Tis the season of first day of school pictures with smiling children donning new shoes and sporting monogrammed backpacks. My children will be joining the trend in a week, and we cannot wait. We have our pencils sharpened, our new flashy socks picked out (how one shows one individuality in a uniformed place) and our pantries filled.
During these last weeks of anticipation for my children’s first days, the Lord has opened up a window into a very different kind of first day of school. Through friends who live their lives in the throes of the inner city, our family has had the privilege of being connected to people whose lives are drastically different than ours. These connections placed my children and I into the stream of two homeless children’s first day of school.
The children needed breakfast and a place to freshen up and shower and a ride to their first day of school. Excited at the opportunity to serve, we packed brown paper lunches and gathered fresh pencils and folders. We were up and out of the door earlier than we have been all summer, ready for the opportunity to think outside of ourselves and the circle of relative privilege in which we find ourselves.
But the mom didn’t show, and we waited. An hour later, we drove off disappointed and confused. My older children had two very different perspectives, both of which resonated in my heart. One child, who has a prominent justice sentiment, was angry that a mother would say something and not follow through. The other child, who has a strong mercy sentiment, felt for the children who would have to go to school dirty, unfed and unprepared. The third child had no clue what was going on and was glad to drown our emotions in donuts.
The questions from my concerned and confused children only matched the questions that were churning in my own heart. Why are we picking them up at a gas station? How will they get to school? Do they have backpacks? Did they have clean clothes to wear if they had come over to take a shower?
The same with their thoughts and solutions. This doesn’t seem right. Isn’t there someone we can just call? Can’t we just find them a place to live?

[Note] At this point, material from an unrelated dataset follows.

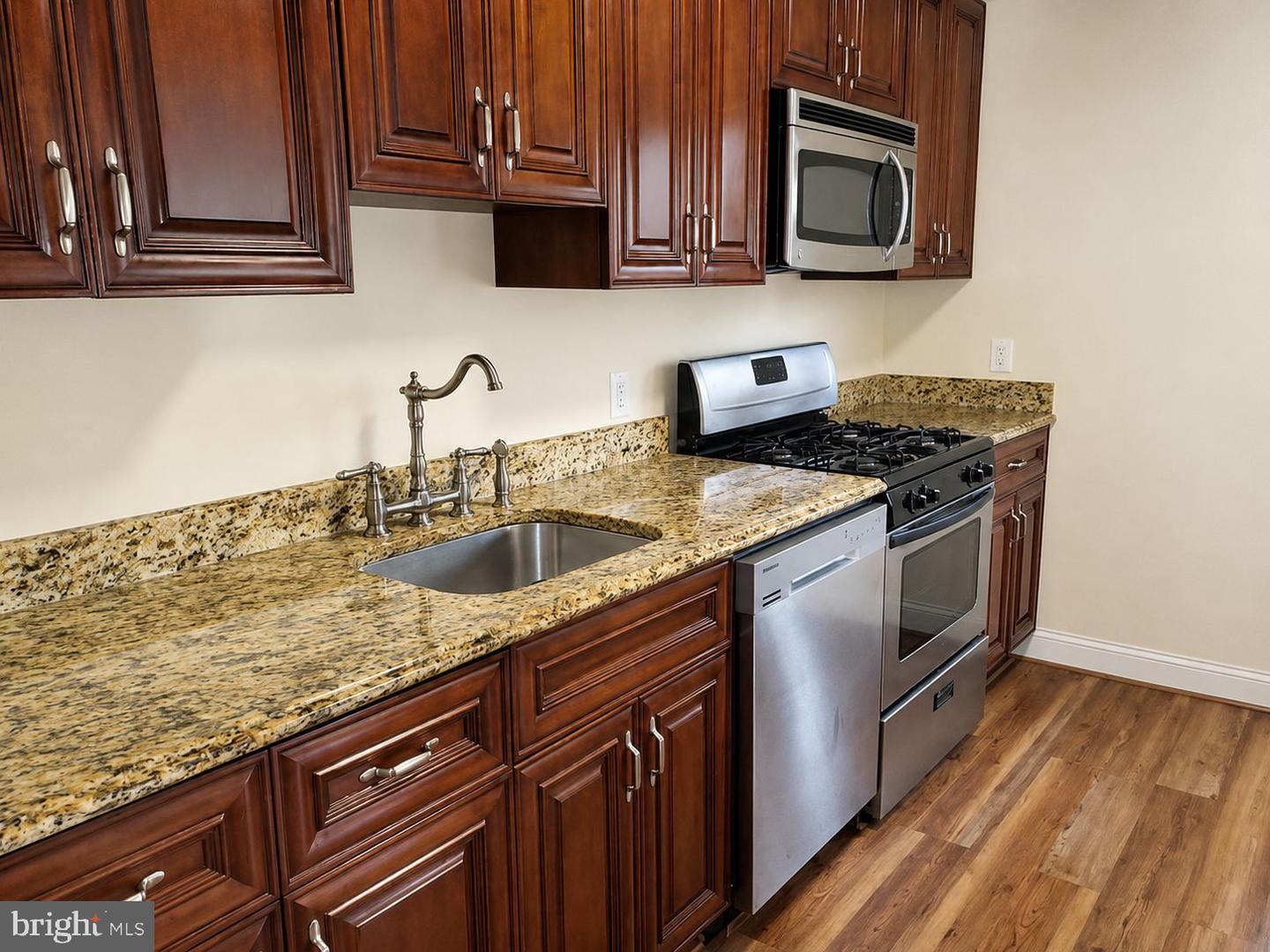 5530 Kendrick Ln Property Photo 8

As they processed, tears welled in my eyes and I realized that I was having my own first. This was the first time that the deep complexities of homelessness and poverty and addiction were really hitting home for me as a mother. Juxtaposing their first day of school with the very different first day that would be coming for my own children, I could not help but be deeply shaken.
We always give donations to school drive supplies; we have even organized them ourselves. We have taken part in after-school tutoring for refugee children. But this was different. This time, the children were children I know and have come to love, children I have spent time with and enjoyed. This time, the mother was not a flat character, one who just needs to get her act together. She is a complex women with a complex past who has her own story that involves competing desires.
After we came home, I saw the brown bags still sitting on the counter with neatly stacked school supplies. I sat on the couch in anger and judgement at the mother, in sadness for the children, in grief for the complexities of the problem. I was disgusted at my own desire for neat and quick mercy opportunities, at my level of discomfort with mercy that is messy because it is relational.
Rather than trying to figure out a solution or make the situation more comfortable, the Lord invited me, for a moment, into His own heart. He invited me to feel the tiniest, tainted speck of what He feels purely and infinitely. He reminded me that when He came to the messy scene of grief after the death of his dear friend Lazarus, before He raised Lazarus from the dead, He sat with the grieving sisters and wept. He felt the weight of the brokenness of this sphere.
We ended up picking the boys up from school and bringing them home for a quick shower. We got to give them their school supplies and lunches and clean clothes and a meal to go. But I didn’t feel good about myself, I felt sober and sad. Sobered that this is an ongoing reality for these boys, sad that I didn’t have a safe place to drop them off. Sad that my heart wants comfortable mercy rather than messy mercy, sobered by the thought of continuing to help this family in a way that meets the complexity of the problem.
In the midst of all the firsts, I am treasuring up a very different first of my own.